I'm not much for sappy little quotations and I generally delete before reading any email forward that comes my way with a subject line reading "A Mother's Heart" or any variations on that theme. I love my children fiercely, but I just don't go in for all that gooey greeting-card sentimentality. That said, as much as it pains my inner cynic to admit it, one of the more oft-circulated lines about parenthood truly resonates with me. It's from Elizabeth Stone, and I'm sure most of you have seen it one place or another: "Making the decision to have a child--it's momentous. It is to decide forever to have your heart walking around outside your body." Every time I read it, all I can do is nod and agree, Yeah, what she said.
I have three kids ranging in age from nine months to nine years, and whether it's a bump on the head or a blow to the ego, any injury to them feels like an injury to me. The sight of their little faces crumpled in tears or narrow shoulders hunched in disappointment and defense sends a pang right through the core of me. Like most parents, I find that I would do just about anything to spare my kids even a moment of hurt.
And that's where the anticipation comes in.
Over the years I've gotten pretty good at recognizing situations that are likely to lead to someone getting hurt. I can sniff out a precarious-looking bike jump in the driveway or an "exclusive" third-grade girls' club like a bloodhound hot on a fugitive's trail. I've developed that mother's sixth sense that lets me know what my kids are thinking almost before they know themselves, an invaluable asset in anticipating and warding off potential disasters.
Often the crises averted are fairly minor in the scheme of things. For instance, last week my husband brought home a carton of what looked to be orange juice but turned out to be a foul-tasting sea-buckthorn blend (before you ask, no, I have no idea what sea buckthorn is). When I opened the fridge to get milk for my morning coffee, I saw the carton sitting there and quickly moved it to the back of the top shelf so that my daughter wouldn't see it and help herself to some, only to be disappointed by the taste. She especially loves orange juice but we rarely have it, so I could easily imagine her eagerly pouring a tall glass only to have it all go awry. I agree, it's a little thing, but I was happy to have avoided the upset.

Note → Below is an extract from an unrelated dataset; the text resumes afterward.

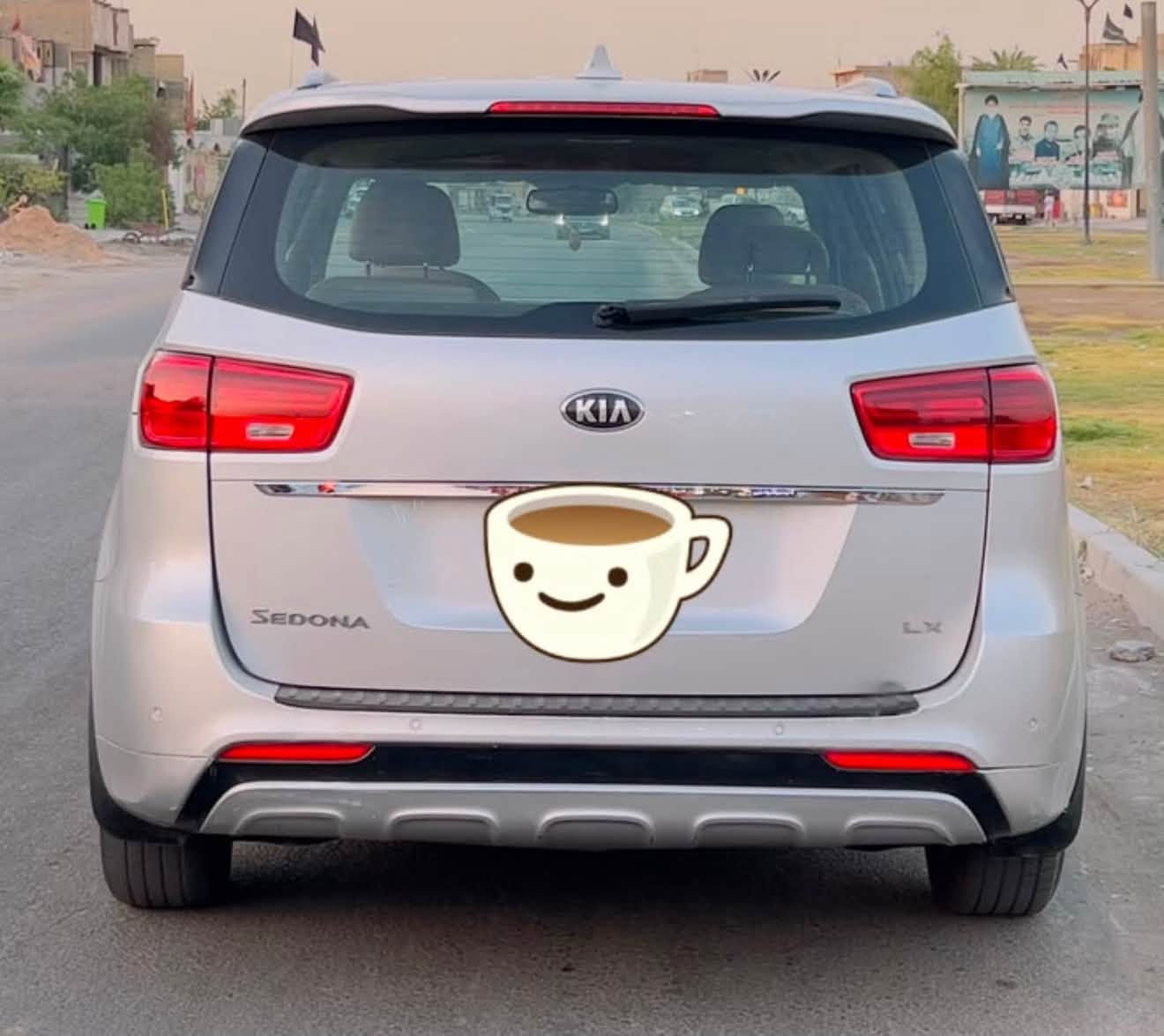سيدونا 2019 أميركي رقم بغداد تحويل مباشر سعرهه193وبيه مجال مكانه بغداد ***********مواصفات عاديه بيه جاملغين أماميات صبغ بدون تبديل بدون يرباك بدون دواخل السياره نضيفه وجديده كل نقص ما بيهه جاهزه ماشيه قليل جدا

Other times the stakes are greater, especially, it seems, where my daredevil son is concerned. While my older girl seems to have inherited my caution gene, my boy hears every admonition to "be careful" as a challenge. Every barrier must be jumped, every wall must be scaled, every fence must be climbed, every open space must be traversed, and all at breakneck speed. My pleas of "Slow down, slow down, slow down!" go unheeded, and the resultant bumps, bruises, and scrapes are legion. The first time he chipped a tooth--I'm not kidding myself that it will be the last--he was scarcely a year old, and he's already had more black eyes and fat lips at age three than I've had at more than ten times his age. His devil-may-care recklessness causes me no end of anxiety. Even with my super-mama powers of anticipation, I can barely keep up with him most days.
Though I consider my kids' safety a critical responsibility of my job as a mother, I have started thinking lately that maybe I should relax my vigilance a little bit. My husband has a much more laid-back approach to child-rearing, and the kids don't get hurt any more on his watch than they do on mine. I've noticed that my eldest is a bit uncertain about trying new things and that she's not as confident as I'd like in some situations, and I can see that has come directly from my "caution gene." I've started listening to myself when I'm out walking with my son, and my repeated entreaties to "be careful" and "slow down" make me sound much more like a nagging buzzkill than a caring mother. I want my kids to grow up with a healthy respect for the myriad lurking dangers of the modern world, but I don't want them to live in fear. I've realized in the past months that my overly cautious ways may be borrowing more trouble than they're preventing.
With all this in mind, I'm resolving here and now to try to dial down the worrying and stop hovering over my kids' shoulders protecting them from all of life's pitfalls. As hard as it is for a mother to take, skinned knees and hurt feelings (and, alas, broken bones and broken hearts) are part of growing up, and I want to give my children the freedom to live life to its fullest. Of course, I will still insist on holding my little guy's hand when we cross the street, but if my daughter wants to be best friends with a girl who said something mean to her and made her cry three years ago, well, I guess that's her risk to take.